I wasn't there, but this part of the story always reminds me of the final scene in the 1958 Stanley Kramer film The Defiant Ones: Tony Curtis and Sidney Poitier, as escaped convicts, are running to catch a freight train that they hope will carry them to freedom. Poitier's character pulls himself aboard, but the wounded and exhausted Tony Curtis can't quite grasp his outstretched hand. (The scene starts at 2:08 in this trailer from the film.)
Anyway, at this critical point, one of Tom's companions--a massively powerful rider named Jim--went one better than Sidney Poitier by dropping back, grabbing the stem of his bike, and dragging him ahead to the truck.
The descent was easier.
Fast forward to October, 2016, when a mutual friend invited a group of old pals to a weekend foliage-season bike ride at his house in New York state, just across the border from southwestern Vermont.
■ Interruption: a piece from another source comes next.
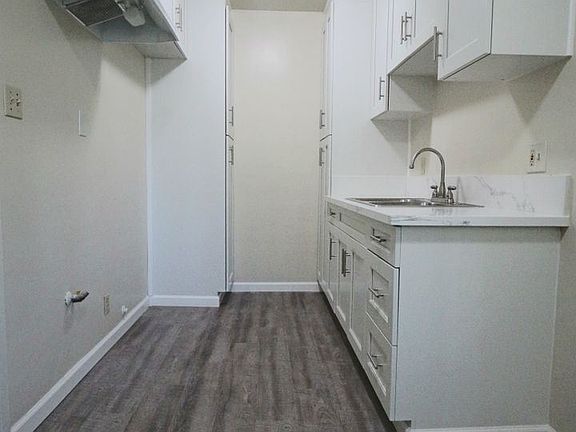 5th image of 2921 Allgeyer Ave APT 16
I had just built up a PX-10 of my own from my stash of old parts and a recently-acquired frame, so I proposed to Tom that he and I form a team: If he'd drag his old bike out of the woodshed, I told him, I'd clean it up and knock the gearing down to a reasonable range for an older gentleman.
The old veteran of La Cuesta was looking a little rough. A fair amount of rust was showing through the paint. The original Simplex derailleur hanger had been hacked off the frame a decade earlier, courtesy of a mechanic at a local bike shop who crudely lowered the gearing by bolting on a cheap mountain-bike derailleur and Shimano Megarange freewheel.
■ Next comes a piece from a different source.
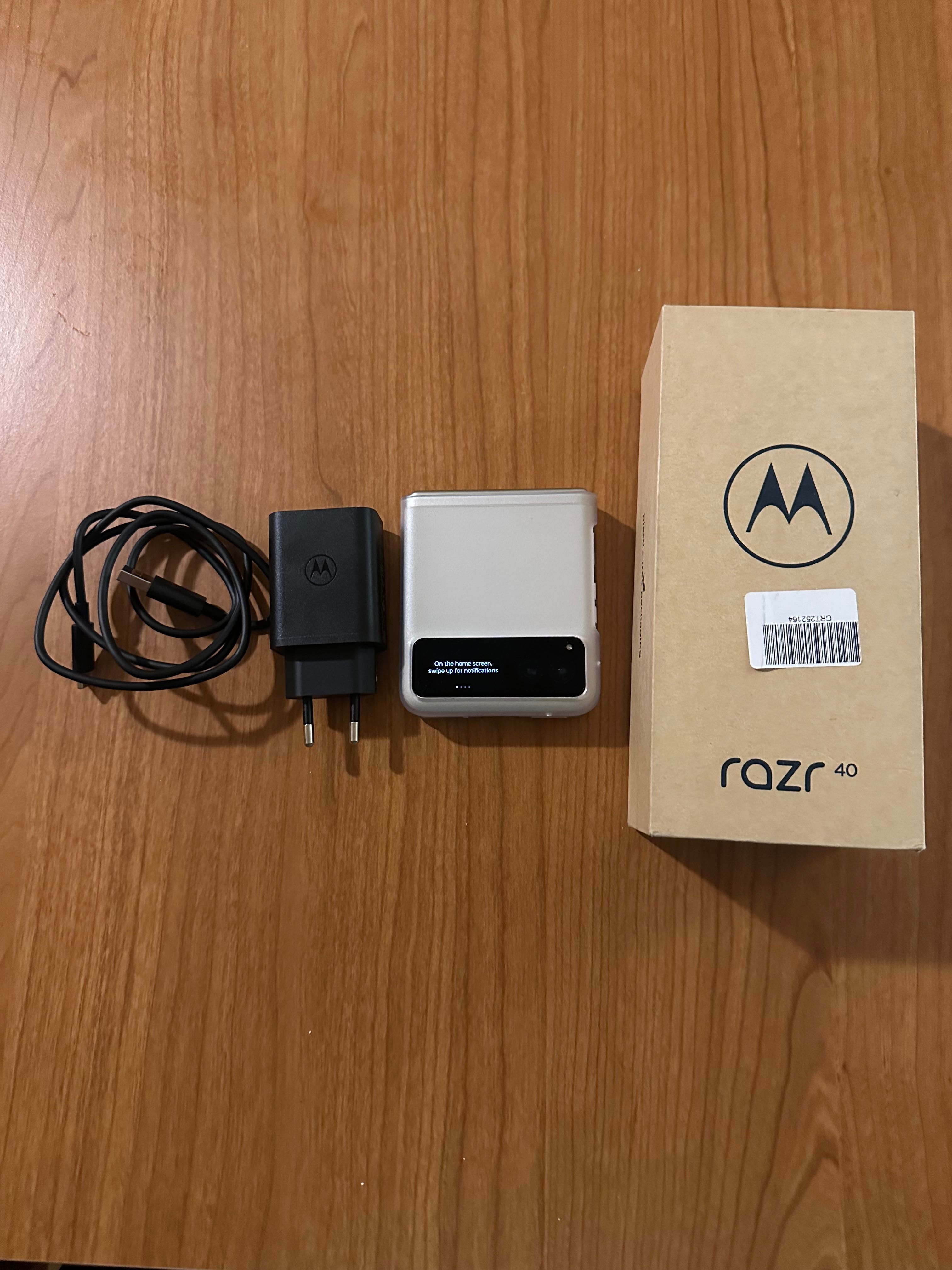 Vând Motorola Razr 40 - NOU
But with some grease, new cables, and replacement parts-bin derailleurs (a Huret Duopar in back and a nameless Huret front--not exactly original spec, but at least French-made), it started looking better. A longer spindle, a 42-tooth triplizer with a 32-tooth granny ring on the old Stronglight 93 crank, a 14-34 Suntour Narrow 6 freewheel, and voila! A PX-10 built for hill climbing, no truck required!